▶ **REQUIREMENT**
Starting at the line that contains "The CH-011 Display" and ending at the line that contains "hyer goods recycled", the lines below are to be given again exactly, with nothing added.

▶ **GIVEN INFORMATION**
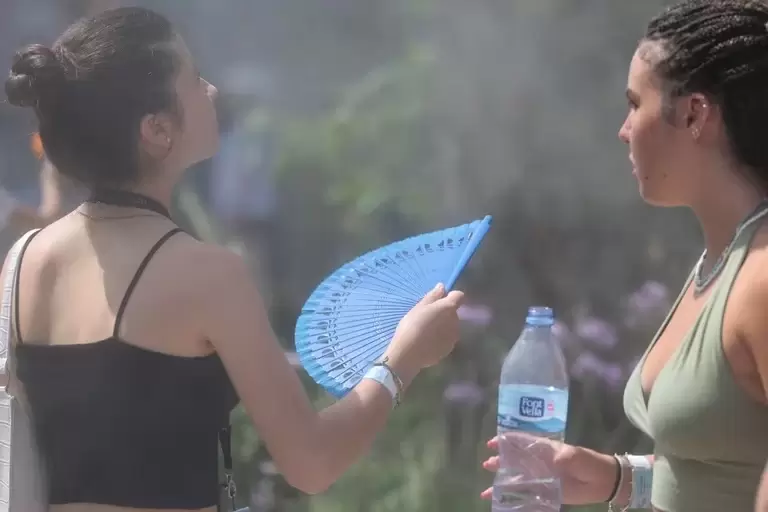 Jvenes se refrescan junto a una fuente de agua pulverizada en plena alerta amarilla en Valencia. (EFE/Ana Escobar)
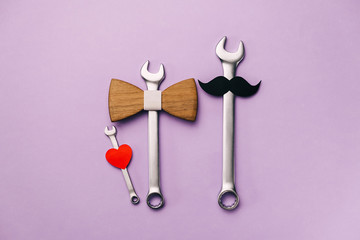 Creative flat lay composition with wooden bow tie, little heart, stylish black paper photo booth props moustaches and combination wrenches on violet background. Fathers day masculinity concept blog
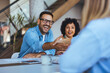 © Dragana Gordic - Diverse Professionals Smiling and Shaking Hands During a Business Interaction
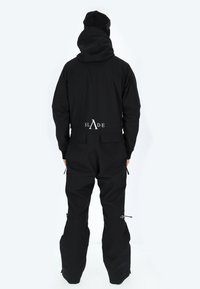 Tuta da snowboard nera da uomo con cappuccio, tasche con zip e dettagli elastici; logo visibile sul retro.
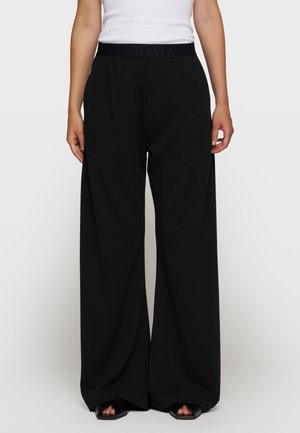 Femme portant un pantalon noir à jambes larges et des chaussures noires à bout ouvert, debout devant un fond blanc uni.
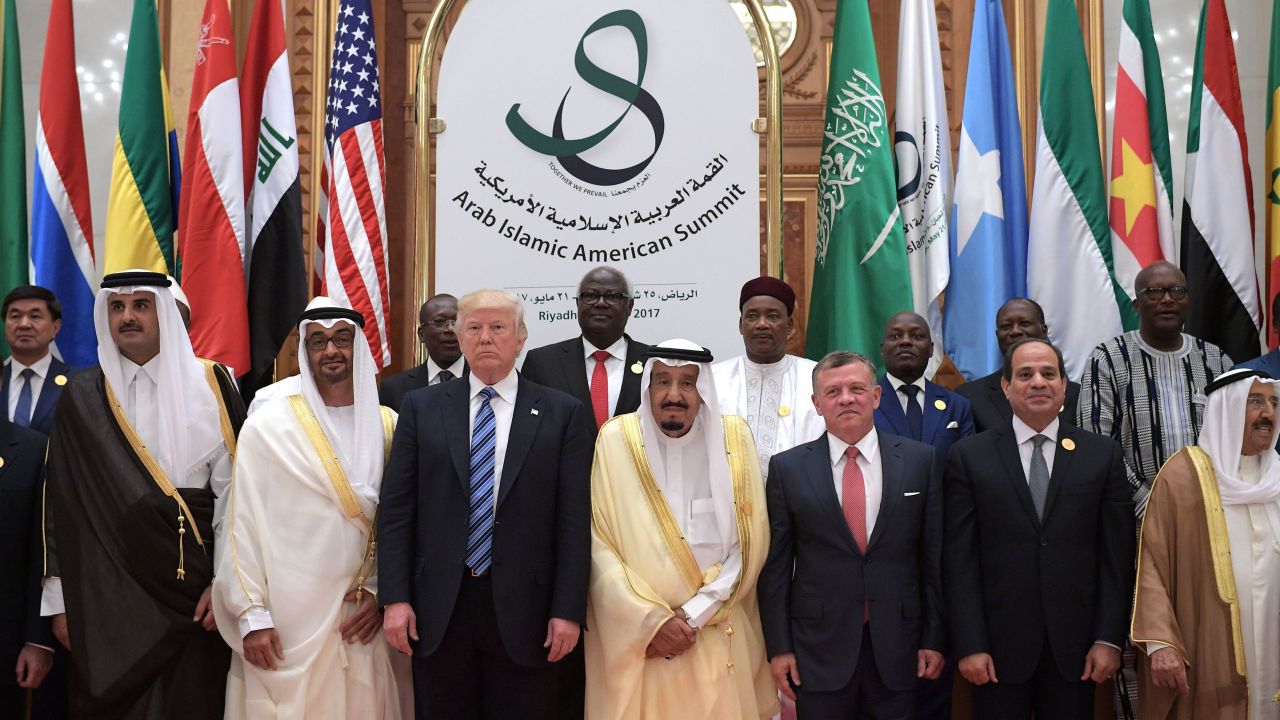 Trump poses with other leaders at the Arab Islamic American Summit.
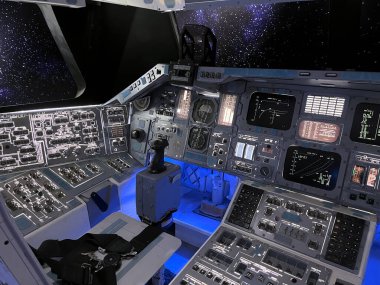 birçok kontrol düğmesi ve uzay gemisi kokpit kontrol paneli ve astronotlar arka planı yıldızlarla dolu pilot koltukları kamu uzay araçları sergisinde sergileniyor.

* * *

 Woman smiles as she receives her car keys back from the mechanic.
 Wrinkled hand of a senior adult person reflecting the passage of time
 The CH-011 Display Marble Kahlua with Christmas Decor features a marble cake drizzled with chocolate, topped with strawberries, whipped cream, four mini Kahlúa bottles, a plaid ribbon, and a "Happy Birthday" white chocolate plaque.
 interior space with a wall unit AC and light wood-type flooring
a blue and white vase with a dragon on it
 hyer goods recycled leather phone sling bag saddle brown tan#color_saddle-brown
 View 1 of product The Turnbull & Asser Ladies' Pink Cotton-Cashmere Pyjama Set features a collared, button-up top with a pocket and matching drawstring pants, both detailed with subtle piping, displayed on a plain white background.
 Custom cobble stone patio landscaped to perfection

▶ **TASK RESPONSE**
 The CH-011 Display Marble Kahlua with Christmas Decor features a marble cake drizzled with chocolate, topped with strawberries, whipped cream, four mini Kahlúa bottles, a plaid ribbon, and a "Happy Birthday" white chocolate plaque.
 interior space with a wall unit AC and light wood-type flooring
a blue and white vase with a dragon on it
 hyer goods recycled leather phone sling bag saddle brown tan#color_saddle-brown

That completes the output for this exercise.